Marbled Rye Bread

About a month ago I had this idea to make this kind of bread. I thought it might be a good compliment to a dish I was making that was German (Bavarian) in style. I first looked in a cookbook we had – the Better Homes and Gardens New Cookbook Bridal Edition – as I had recalled that there was a recipe like that in there. And yep, there was. Sadly, I forgot about it and didn’t have the time to make it given the time it takes (two separate rises). But I kept it in the back of my mind to make. I had everything anyway so I could do it whenever. And finally I did. 

I actually got off the fence about making it as I had another recipe that I wanted to use this bread for. More on that recipe later. I’ve written the recipe out below. Overall, I was very happy with how this turned out. Both rises went better than expected. (If you recall, I seem to have problems with bread rising.) Although the dough with the rye and molasses didn’t rise as well as the other portion. This was evident in the first rise. It wasn’t as evident in the second rise but as I cut into the bread more I found a “hole” where I think everything rose except the rye portion which left an empty space. 

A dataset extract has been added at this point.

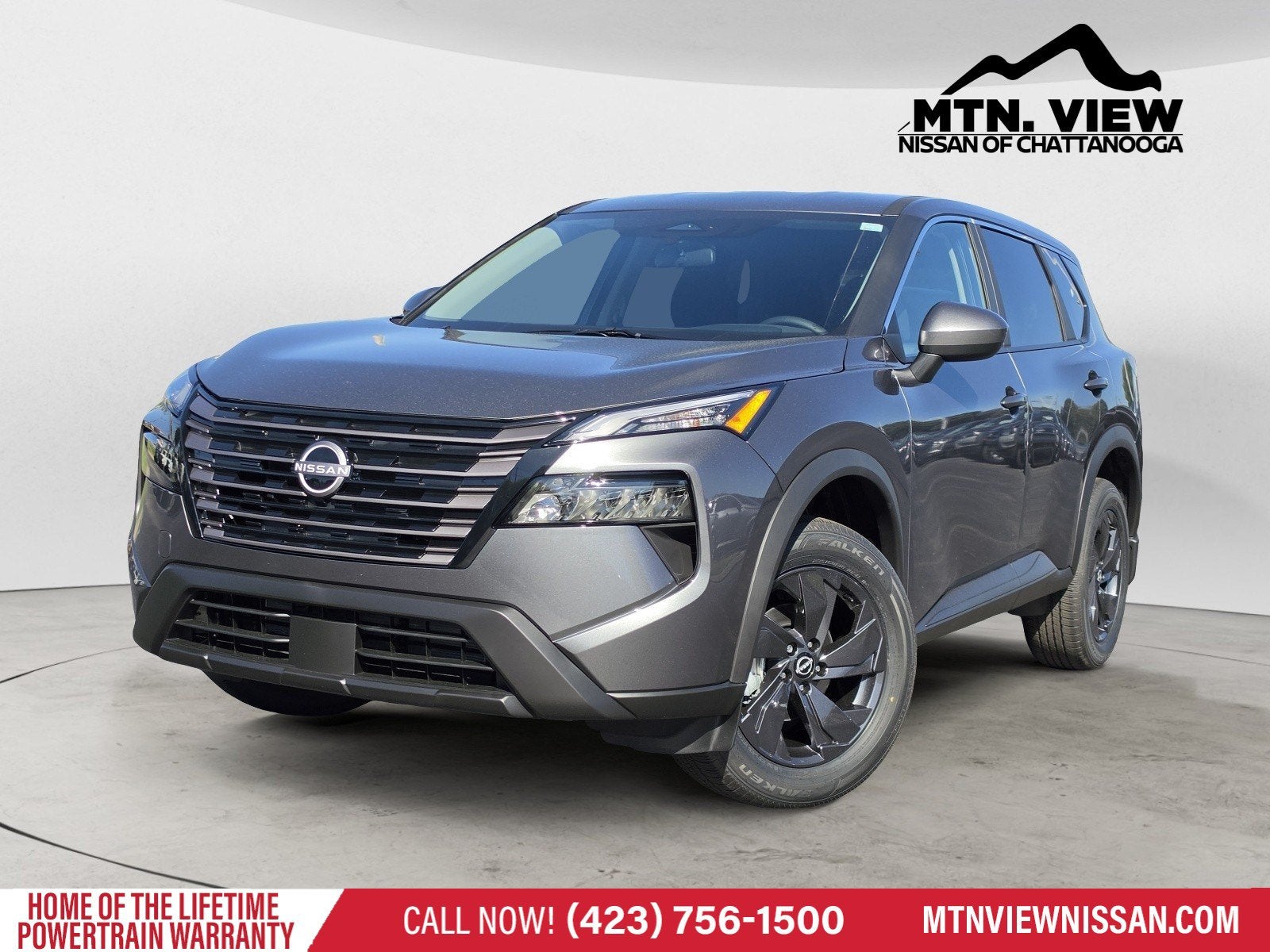 2027 Nissan Unknown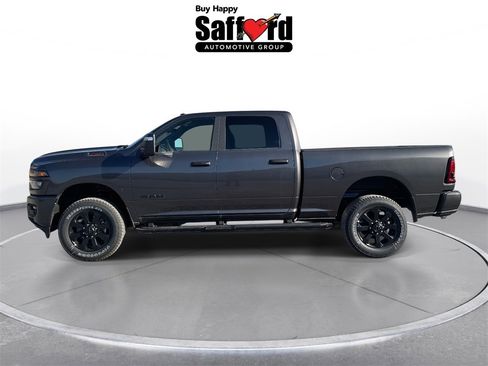 New 2026 RAM 2500 Big Horn image 4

But the taste was good and it worked well for everything I’ve used it for so far – toast, grilled cheese, regular sandwich bread, etc. And while I haven’t been making my own bread as often as I used to, this might need to be made occasionally. Oh, and despite it being a rye bread (well, partly anyway), it didn’t really taste like it. 

The only “problem” I had with it was that the directions were a little confusing. It told me two different times to “add as much of the remaining all purpose flour as possible”. Well, how is that possible. What happens if I add all the extra flour the first time and there isn’t any for the second time?  Ultimately I came up with a plan. 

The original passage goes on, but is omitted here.